Sepp Blatter, who led world soccer’s governing body for 17 years as FIFA’s President and who was regarded as one of the most powerful people in global sports, announced Tuesday, June 2nd that he would resign his position after being accused of transfering $10 million in bank transactions that are central elements of the bribery scandal engulfing international soccer, stated nytimes.com.
He made his announcement in Zurich as law enforcement officials in the United States confirmed that he was a focus of a federal corruption investigation. But FIFA is mired in a massive corruption scandal, with the U.S. Justice Department charging 14 people, including nine FIFA officials, in a 47-count indictment last week. “I’m not able to comment further on Mr. Blatter’s status,” US Attorney General Loretta Lynch told reporters at the time, stated cnn.com.
“For years, we have worked hard to put in place administrative reforms, but it is plain to me that while these must continue, they are not enough,” Mr. Blatter said. “We need deep-rooted structural change.”
As for potential candidates to replace Mr. Blatter, it appears likely that Prince Ali bin al-Hussein of Jordan, who lost to Mr. Blatter in last Friday’s vote, will stand again in the next election, reported nytimes.com. Beyond that, Michel Platini, head of European soccer’s governing body, has long been seen as a potential successor to Mr. Blatter.
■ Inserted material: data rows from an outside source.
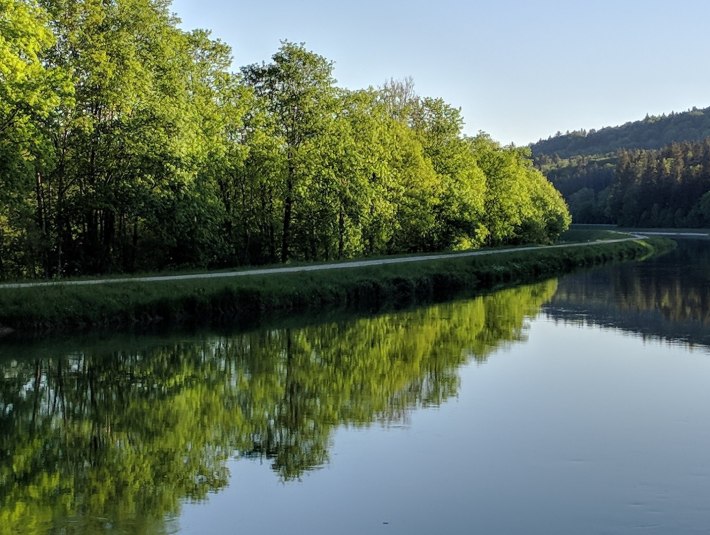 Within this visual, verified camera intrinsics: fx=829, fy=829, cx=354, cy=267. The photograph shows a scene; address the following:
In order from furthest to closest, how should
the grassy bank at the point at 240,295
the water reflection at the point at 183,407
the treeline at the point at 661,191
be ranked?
the treeline at the point at 661,191 → the grassy bank at the point at 240,295 → the water reflection at the point at 183,407

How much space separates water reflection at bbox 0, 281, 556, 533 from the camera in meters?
11.8

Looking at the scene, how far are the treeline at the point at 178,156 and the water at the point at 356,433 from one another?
10.5 m

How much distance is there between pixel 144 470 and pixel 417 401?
22.3 ft

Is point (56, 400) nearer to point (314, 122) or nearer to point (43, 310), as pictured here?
point (43, 310)

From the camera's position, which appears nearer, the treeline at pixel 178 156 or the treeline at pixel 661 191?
the treeline at pixel 178 156

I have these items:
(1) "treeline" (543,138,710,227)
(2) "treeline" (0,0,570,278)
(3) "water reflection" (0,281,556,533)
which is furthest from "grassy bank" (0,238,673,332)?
(1) "treeline" (543,138,710,227)

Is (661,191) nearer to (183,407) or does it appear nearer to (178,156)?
(178,156)

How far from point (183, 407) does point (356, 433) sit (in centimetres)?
415

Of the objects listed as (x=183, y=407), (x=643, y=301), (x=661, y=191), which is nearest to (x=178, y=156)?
(x=183, y=407)

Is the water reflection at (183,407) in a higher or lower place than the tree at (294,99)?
lower

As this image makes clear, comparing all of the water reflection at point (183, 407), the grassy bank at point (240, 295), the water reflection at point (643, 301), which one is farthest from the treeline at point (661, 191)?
the water reflection at point (183, 407)

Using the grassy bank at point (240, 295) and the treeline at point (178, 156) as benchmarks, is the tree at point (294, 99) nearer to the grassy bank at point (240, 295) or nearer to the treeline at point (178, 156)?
the treeline at point (178, 156)

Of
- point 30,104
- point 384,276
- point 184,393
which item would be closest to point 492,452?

The indictment “is the beginning of our work, not the end” of an effort to rid global soccer of corruption, said Kelly Currie, acting U.S. attorney for the Eastern District of New York.
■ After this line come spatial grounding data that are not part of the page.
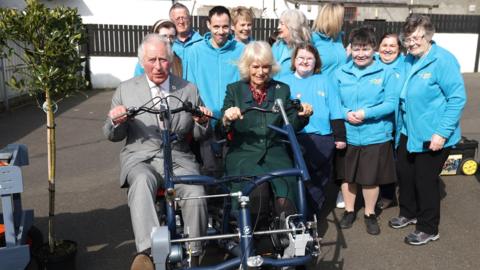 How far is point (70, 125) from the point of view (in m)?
9.40

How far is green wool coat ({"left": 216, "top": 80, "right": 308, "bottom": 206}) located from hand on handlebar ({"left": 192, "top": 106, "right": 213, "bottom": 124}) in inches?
8.2

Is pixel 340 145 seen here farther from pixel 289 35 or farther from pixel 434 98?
pixel 289 35

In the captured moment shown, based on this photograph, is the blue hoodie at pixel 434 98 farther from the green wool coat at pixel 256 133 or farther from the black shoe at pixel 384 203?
the black shoe at pixel 384 203

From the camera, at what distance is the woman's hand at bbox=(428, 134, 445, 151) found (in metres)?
4.00

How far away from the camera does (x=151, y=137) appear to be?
375 cm

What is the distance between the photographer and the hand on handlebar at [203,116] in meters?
3.50

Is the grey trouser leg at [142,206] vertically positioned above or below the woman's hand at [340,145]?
below

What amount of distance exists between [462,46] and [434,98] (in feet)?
50.0

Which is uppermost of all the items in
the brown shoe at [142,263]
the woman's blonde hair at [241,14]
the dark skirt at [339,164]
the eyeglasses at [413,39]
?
the woman's blonde hair at [241,14]

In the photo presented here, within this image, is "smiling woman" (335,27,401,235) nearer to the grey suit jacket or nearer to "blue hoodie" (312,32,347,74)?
"blue hoodie" (312,32,347,74)

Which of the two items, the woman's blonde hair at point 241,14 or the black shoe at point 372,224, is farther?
the woman's blonde hair at point 241,14

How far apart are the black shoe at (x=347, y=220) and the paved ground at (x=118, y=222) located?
0.21 ft

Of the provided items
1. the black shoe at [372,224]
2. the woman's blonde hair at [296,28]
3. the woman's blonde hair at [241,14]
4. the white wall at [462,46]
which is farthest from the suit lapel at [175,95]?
the white wall at [462,46]

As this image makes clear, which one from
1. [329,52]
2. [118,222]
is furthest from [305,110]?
[118,222] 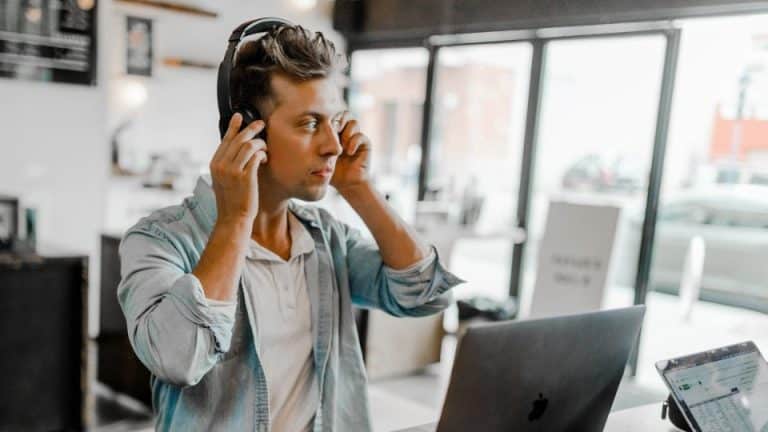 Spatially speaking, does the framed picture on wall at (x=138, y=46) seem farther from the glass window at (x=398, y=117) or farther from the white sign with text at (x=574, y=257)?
the white sign with text at (x=574, y=257)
After the news conference, Chris Eaton, former FIFA head of security, said that U.S. officials have done “something that no other police organization or other region has done so far on FIFA.”
The U.S. Justice Department unsealed a 47-count indictment in federal court in Brooklyn that detailed charges against 14 people accused of racketeering, wire fraud and money laundering conspiracy, reported cnn.com.